▸ TASK INPUT:
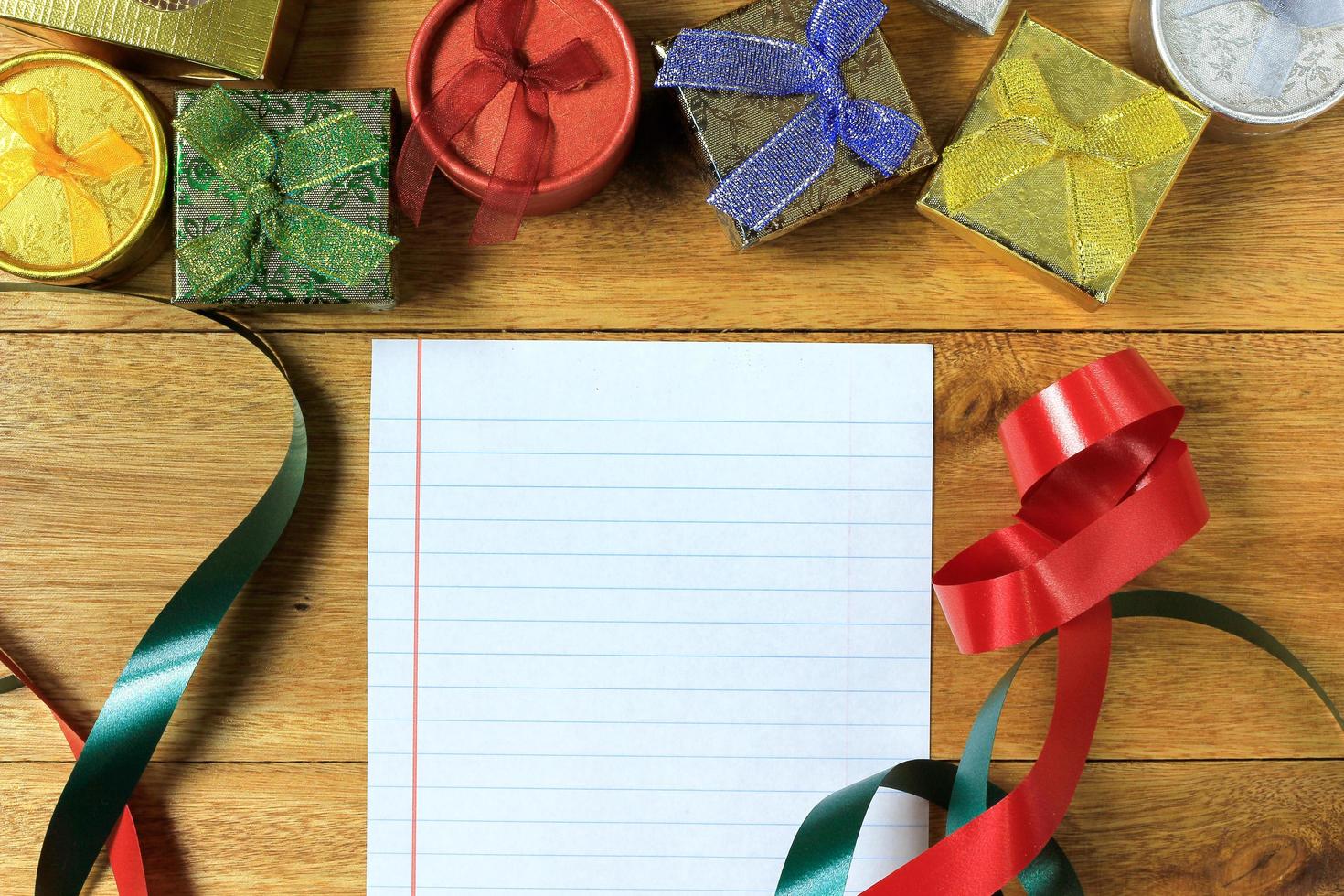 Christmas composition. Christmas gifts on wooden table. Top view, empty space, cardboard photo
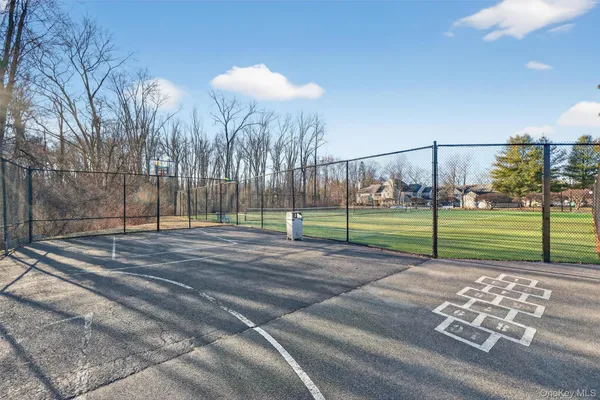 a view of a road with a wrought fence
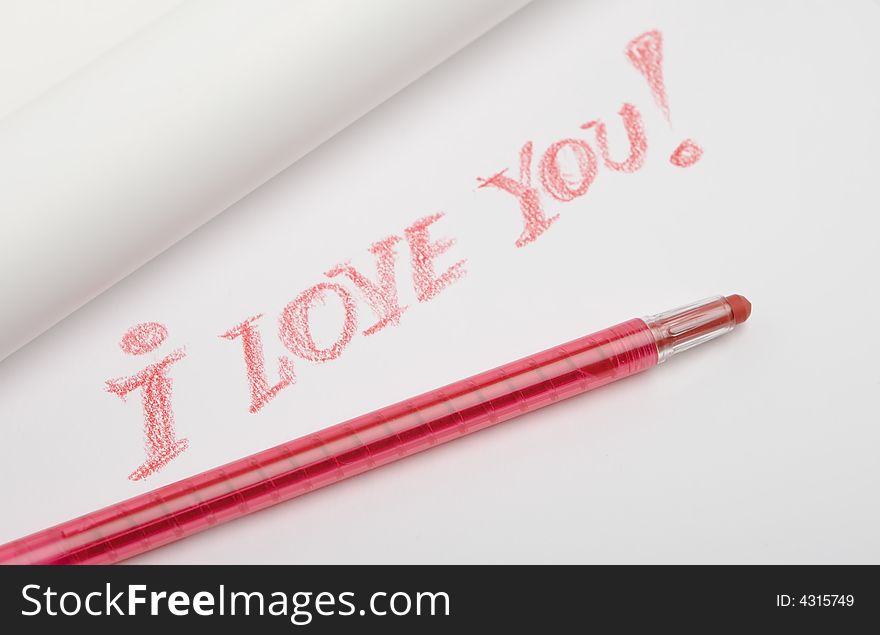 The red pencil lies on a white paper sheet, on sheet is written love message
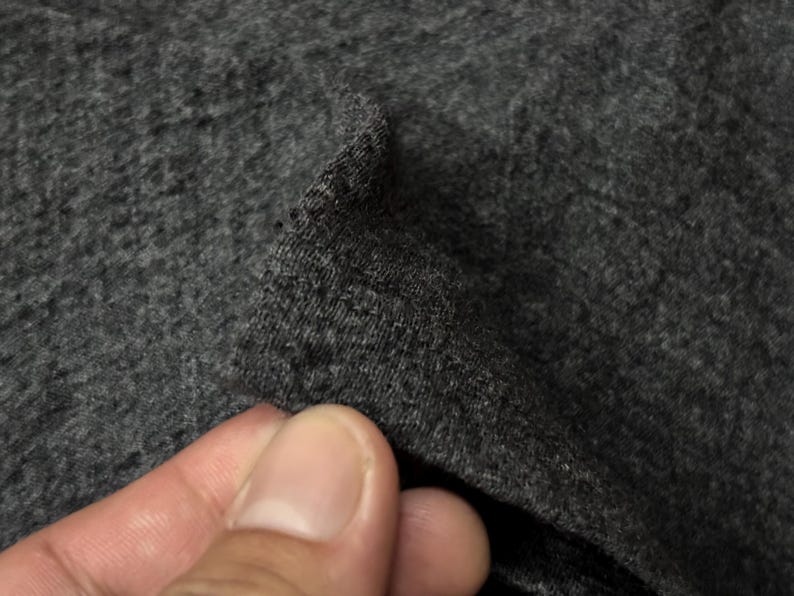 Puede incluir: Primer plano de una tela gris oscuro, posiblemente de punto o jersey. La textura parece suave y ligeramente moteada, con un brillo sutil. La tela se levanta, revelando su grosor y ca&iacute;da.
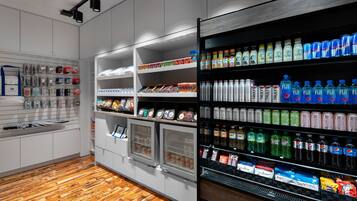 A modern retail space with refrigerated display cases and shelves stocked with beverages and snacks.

▸ TASK DESCRIPTION: Reproduce the full listing faithfully, but do not carry over any pictures.

▸ ANSWER BELOW:
 Christmas composition. Christmas gifts on wooden table. Top view, empty space, cardboard photo
 a view of a road with a wrought fence
 The red pencil lies on a white paper sheet, on sheet is written love message
 Puede incluir: Primer plano de una tela gris oscuro, posiblemente de punto o jersey. La textura parece suave y ligeramente moteada, con un brillo sutil. La tela se levanta, revelando su grosor y ca&iacute;da.
 A modern retail space with refrigerated display cases and shelves stocked with beverages and snacks.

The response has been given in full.